• **What the task asks**:
What needs reproducing is the run of lines in the data below starting at the line with "Hanbok Photoshoot and" and ending at the line with "4th image of 235 Long St", both ends included. Copy it exactly, without pictures, and add nothing.

------ Records supplied ------

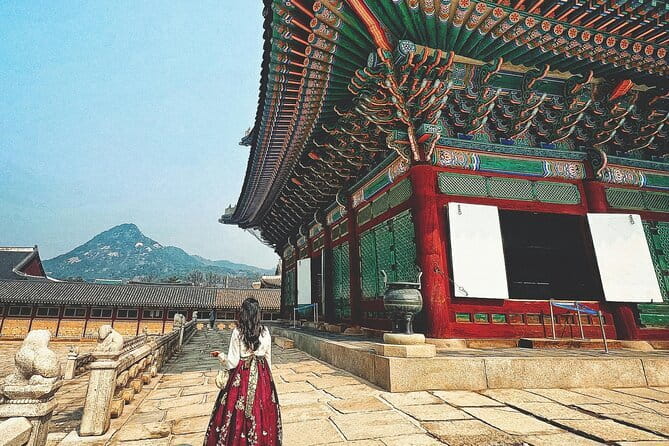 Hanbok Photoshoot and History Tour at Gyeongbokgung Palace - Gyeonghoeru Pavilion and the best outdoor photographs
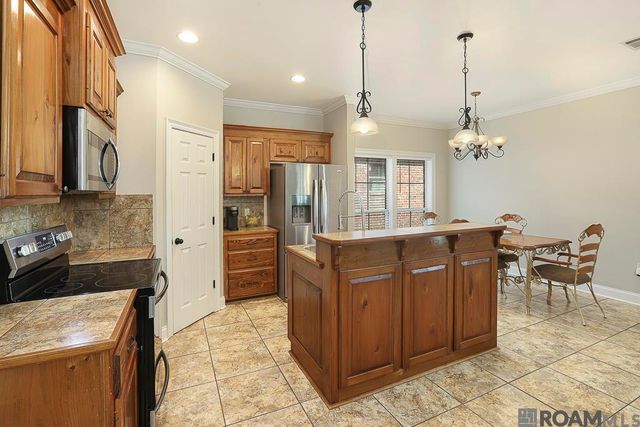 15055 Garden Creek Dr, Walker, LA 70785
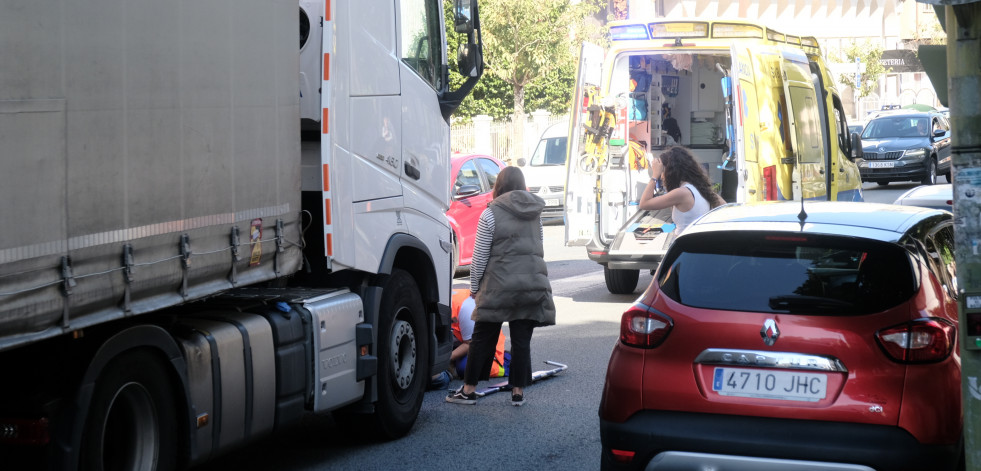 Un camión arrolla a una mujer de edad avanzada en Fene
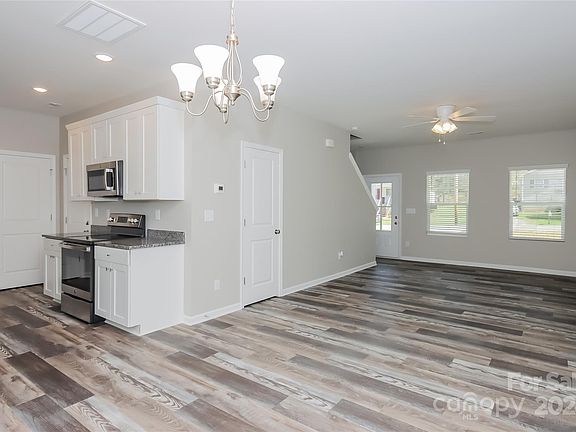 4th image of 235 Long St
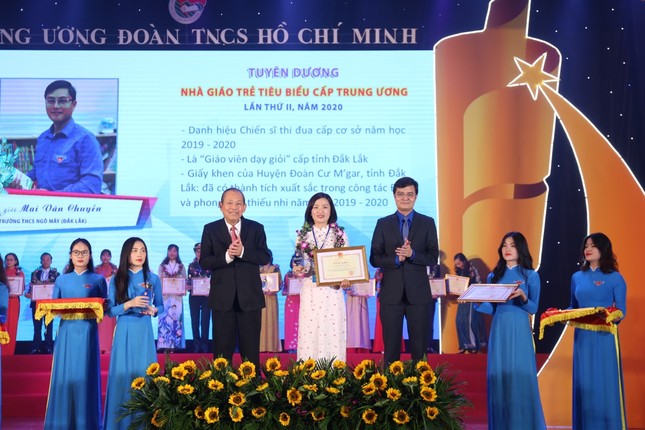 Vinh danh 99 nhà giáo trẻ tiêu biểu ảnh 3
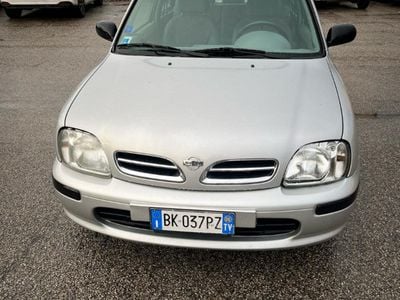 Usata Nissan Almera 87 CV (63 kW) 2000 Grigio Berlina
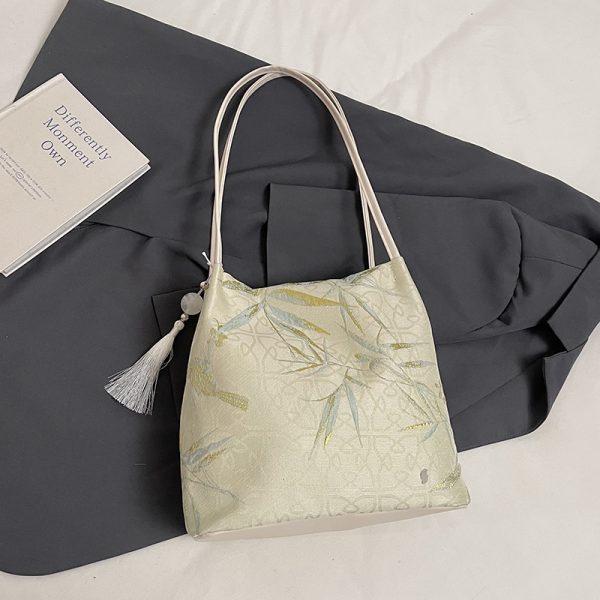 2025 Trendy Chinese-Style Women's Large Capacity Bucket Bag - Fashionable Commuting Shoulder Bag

------
------ Records supplied ------

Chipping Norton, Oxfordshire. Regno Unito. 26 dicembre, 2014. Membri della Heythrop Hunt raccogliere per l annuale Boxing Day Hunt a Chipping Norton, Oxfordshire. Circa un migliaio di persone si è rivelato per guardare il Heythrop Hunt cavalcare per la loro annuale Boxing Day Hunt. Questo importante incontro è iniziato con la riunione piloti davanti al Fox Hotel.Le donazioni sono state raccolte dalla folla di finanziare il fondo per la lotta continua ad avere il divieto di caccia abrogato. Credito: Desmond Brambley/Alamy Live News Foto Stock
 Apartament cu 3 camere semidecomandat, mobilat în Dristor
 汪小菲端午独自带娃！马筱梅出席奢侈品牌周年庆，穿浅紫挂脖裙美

------
------ Records supplied ------

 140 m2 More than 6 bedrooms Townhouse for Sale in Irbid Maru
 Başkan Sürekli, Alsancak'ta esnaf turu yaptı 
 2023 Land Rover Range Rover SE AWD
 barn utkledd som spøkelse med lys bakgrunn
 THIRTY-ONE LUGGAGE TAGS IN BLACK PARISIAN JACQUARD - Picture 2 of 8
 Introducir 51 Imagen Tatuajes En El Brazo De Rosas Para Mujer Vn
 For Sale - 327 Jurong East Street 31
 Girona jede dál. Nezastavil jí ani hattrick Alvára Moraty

------

• **Exercise solution**:
 Hanbok Photoshoot and History Tour at Gyeongbokgung Palace - Gyeonghoeru Pavilion and the best outdoor photographs
 15055 Garden Creek Dr, Walker, LA 70785
 Un camión arrolla a una mujer de edad avanzada en Fene
 4th image of 235 Long St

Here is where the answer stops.